III.

A RAPID glance at the political history of the country will further show the extraordinary condition of fluctuation and uncertainty which existed during the dismal period which followed the overthrow of the Roman rule, as well as the gradual growth of the new state of things under which the great revival of the twelfth century occurred. We shall also observe how the early renewal of civilisation in the South, aided as it was by the preservation of some relics of old Roman culture, ultimately yielded to the more vigorous life and growth of the new political system of the North.

We have seen that Aquitaine was occupied by the Visigoths in the fourth century, while Provence was still held by the Burgundians and Gallo-Romans.

In 425 Aetius made a final stand for the Roman cause, but was defeated by Theodoric, King of the Visigoths, and the last vestige of the Empire was swept away. These two powers of the South afterwards united their forces against Attila, their common foe, and drove back the Huns in 451. In 480 Arles was captured by Euric for the Visigoths, who thus became masters of Provence. In the sixth century the Franks extended their arms southwards, and under Clovis, and Gundibald, King of the Burgundians, defeated the Visigoths at Bouglé in 507.

In 511 Theodoric, King of the Ostrogoths in North Italy, defeated the army of Clovis while engaged in the siege of Arles, and thus preserved the Mediterranean coast to Italy.
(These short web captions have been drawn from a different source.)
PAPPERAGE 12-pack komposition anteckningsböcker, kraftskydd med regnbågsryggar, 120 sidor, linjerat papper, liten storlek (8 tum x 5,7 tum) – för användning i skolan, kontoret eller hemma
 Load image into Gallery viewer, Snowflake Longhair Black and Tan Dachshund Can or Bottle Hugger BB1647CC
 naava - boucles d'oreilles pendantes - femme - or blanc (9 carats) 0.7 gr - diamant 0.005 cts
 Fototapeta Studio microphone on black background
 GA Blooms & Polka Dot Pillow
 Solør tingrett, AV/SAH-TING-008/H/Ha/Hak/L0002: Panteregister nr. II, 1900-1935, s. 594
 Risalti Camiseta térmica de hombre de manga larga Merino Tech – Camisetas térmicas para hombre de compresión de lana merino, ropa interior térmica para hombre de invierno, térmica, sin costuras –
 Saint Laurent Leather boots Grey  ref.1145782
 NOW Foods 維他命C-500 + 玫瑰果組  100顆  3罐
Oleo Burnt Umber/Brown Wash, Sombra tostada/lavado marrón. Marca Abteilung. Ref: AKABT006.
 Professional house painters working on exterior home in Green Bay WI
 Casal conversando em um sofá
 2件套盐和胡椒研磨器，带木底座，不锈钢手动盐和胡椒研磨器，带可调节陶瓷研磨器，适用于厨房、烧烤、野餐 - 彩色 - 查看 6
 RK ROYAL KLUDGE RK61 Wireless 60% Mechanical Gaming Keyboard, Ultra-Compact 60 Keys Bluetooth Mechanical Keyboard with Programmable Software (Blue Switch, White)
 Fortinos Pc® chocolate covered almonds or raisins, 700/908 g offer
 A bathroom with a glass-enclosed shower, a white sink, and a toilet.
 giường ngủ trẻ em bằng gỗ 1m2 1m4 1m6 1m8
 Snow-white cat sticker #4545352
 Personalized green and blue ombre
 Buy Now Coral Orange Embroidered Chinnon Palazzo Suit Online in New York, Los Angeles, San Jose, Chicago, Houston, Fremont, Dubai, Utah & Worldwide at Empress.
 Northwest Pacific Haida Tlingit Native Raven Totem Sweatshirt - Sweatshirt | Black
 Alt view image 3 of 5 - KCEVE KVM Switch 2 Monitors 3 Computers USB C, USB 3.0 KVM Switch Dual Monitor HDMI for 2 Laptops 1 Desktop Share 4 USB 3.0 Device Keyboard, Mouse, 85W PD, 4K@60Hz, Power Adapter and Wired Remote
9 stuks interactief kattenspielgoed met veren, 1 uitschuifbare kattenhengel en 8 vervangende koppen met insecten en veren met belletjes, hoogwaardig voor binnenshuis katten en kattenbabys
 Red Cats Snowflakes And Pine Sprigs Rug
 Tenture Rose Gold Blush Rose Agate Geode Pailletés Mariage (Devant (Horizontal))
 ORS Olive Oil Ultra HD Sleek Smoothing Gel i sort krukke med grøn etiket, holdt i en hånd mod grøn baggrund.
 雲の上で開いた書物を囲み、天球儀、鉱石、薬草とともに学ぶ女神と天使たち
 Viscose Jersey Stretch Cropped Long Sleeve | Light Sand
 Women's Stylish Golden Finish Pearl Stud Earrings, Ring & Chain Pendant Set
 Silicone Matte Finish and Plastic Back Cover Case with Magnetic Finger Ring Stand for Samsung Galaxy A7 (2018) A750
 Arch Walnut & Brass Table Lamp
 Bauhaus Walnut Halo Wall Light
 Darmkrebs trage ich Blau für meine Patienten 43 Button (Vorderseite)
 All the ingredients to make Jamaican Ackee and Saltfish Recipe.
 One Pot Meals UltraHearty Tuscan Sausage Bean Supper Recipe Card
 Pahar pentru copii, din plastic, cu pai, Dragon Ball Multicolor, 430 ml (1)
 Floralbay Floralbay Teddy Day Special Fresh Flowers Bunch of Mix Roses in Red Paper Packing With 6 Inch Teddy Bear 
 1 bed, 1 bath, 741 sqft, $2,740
But Provence was resigned in 536 by his successor Witiges to Theodoric, King of the Franks, who had overthrown the Burgundian Kingdom.

At the death of Clothair I. in 561, Provence was divided between his sons, Sigebert, King of Austrasia obtaining Marseilles, and Gontran of Burgundy, Arles. Under subsequent kings Provence was again reunited and again divided.

In 719 the Saracens crossed the Pyrenees and took possession of Languedoc. They subsequently united with Maurontis, the Byzantine governor of Marseilles, for the purpose of driving out the Franks, but were defeated by Charles Martel, who thus united Aquitaine and Provence to the Frank kingdom.

These Southern provinces, which, as already mentioned, were governed by municipal and ecclesiastical organisations, were too weak either to resist the inroads of the Saracens, or to defend themselves against the more vigorous discipline of the North.

At the division of the Carlovingian empire, after the death of Charlemagne in 843, Provence fell to Lothaire, along with Burgundy. In 863 it was seized by Charles the Bald, and in 879 his brother-in-law Boson, governor of Vienne, was elected King by the synod of Montale, and Provence was thus converted into a separate monarchy.